● WHAT IS NEEDED: Below are entries with pictures among them; reproduce exactly, and only, the lines from the one containing "Cute Fashion Sandals" down to the one containing "AMD. EPYC 7313 이미지", without the pictures.

(SOURCE MATERIAL Opens)

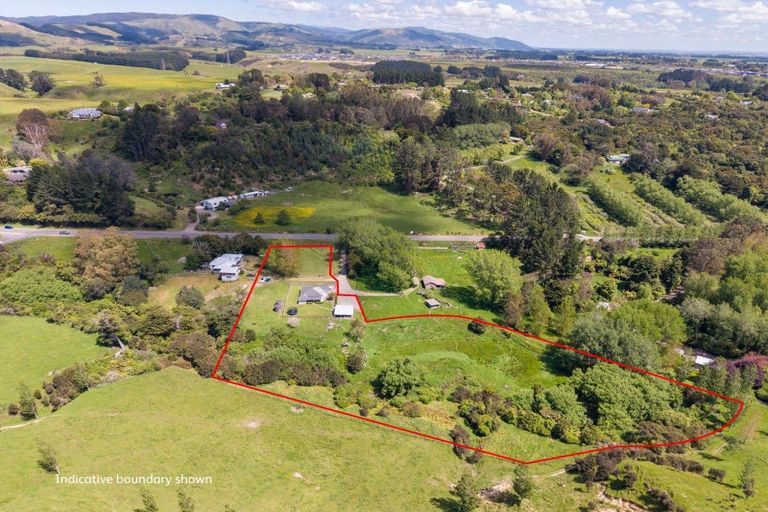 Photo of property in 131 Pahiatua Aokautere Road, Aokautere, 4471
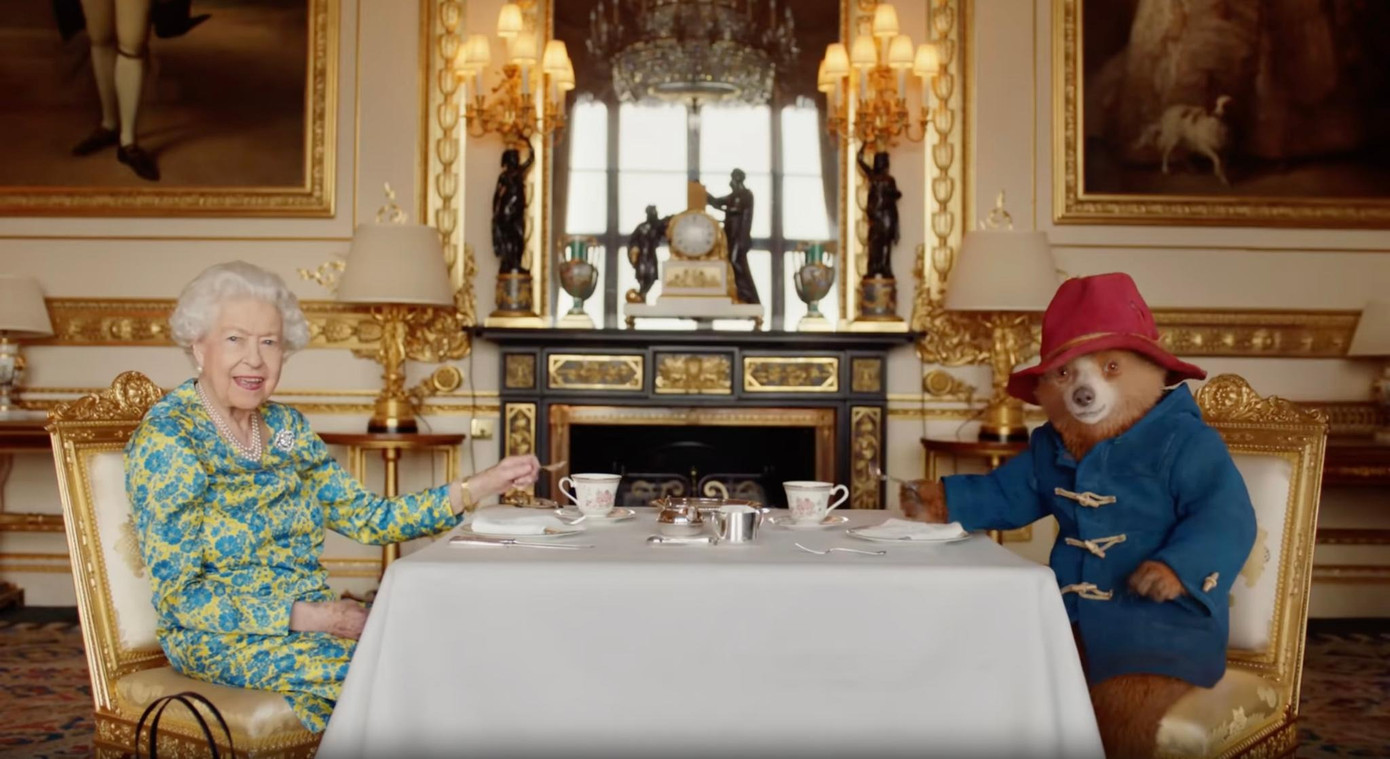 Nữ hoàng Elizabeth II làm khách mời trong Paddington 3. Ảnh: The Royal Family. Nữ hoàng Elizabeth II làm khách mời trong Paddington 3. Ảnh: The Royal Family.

(SOURCE MATERIAL Closes)
(SOURCE MATERIAL Opens)

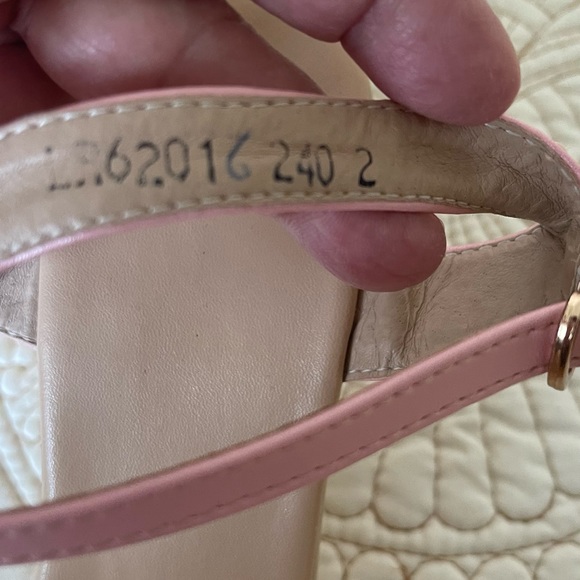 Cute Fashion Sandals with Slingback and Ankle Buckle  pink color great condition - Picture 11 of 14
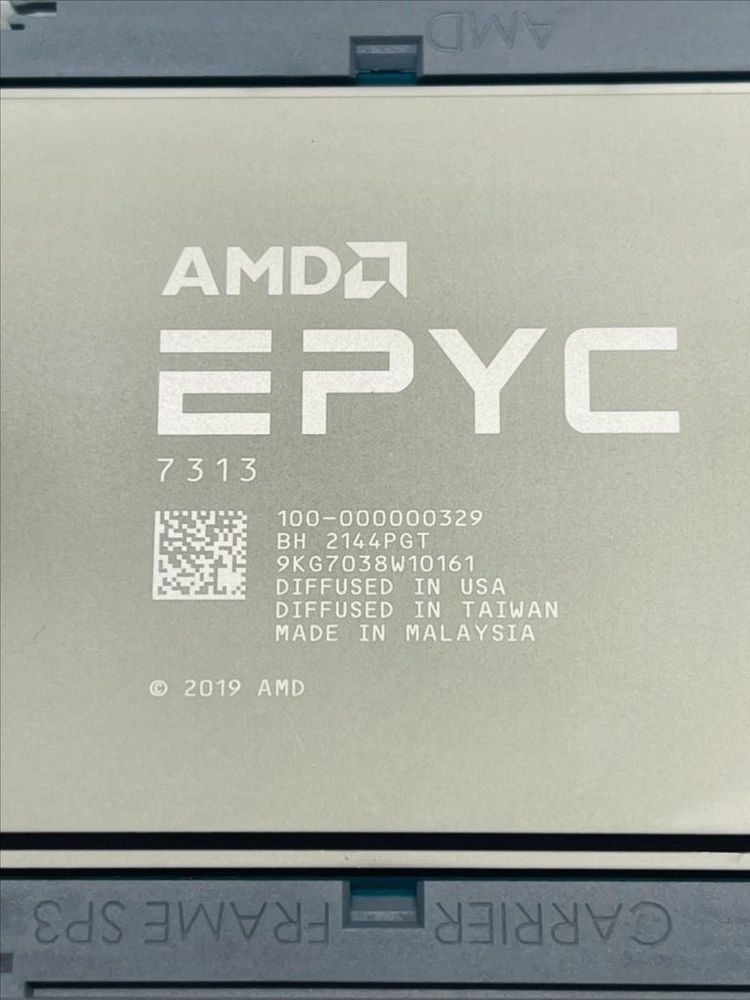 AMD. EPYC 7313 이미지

(SOURCE MATERIAL Closes)

● SOLUTION:
 Cute Fashion Sandals with Slingback and Ankle Buckle  pink color great condition - Picture 11 of 14
 AMD. EPYC 7313 이미지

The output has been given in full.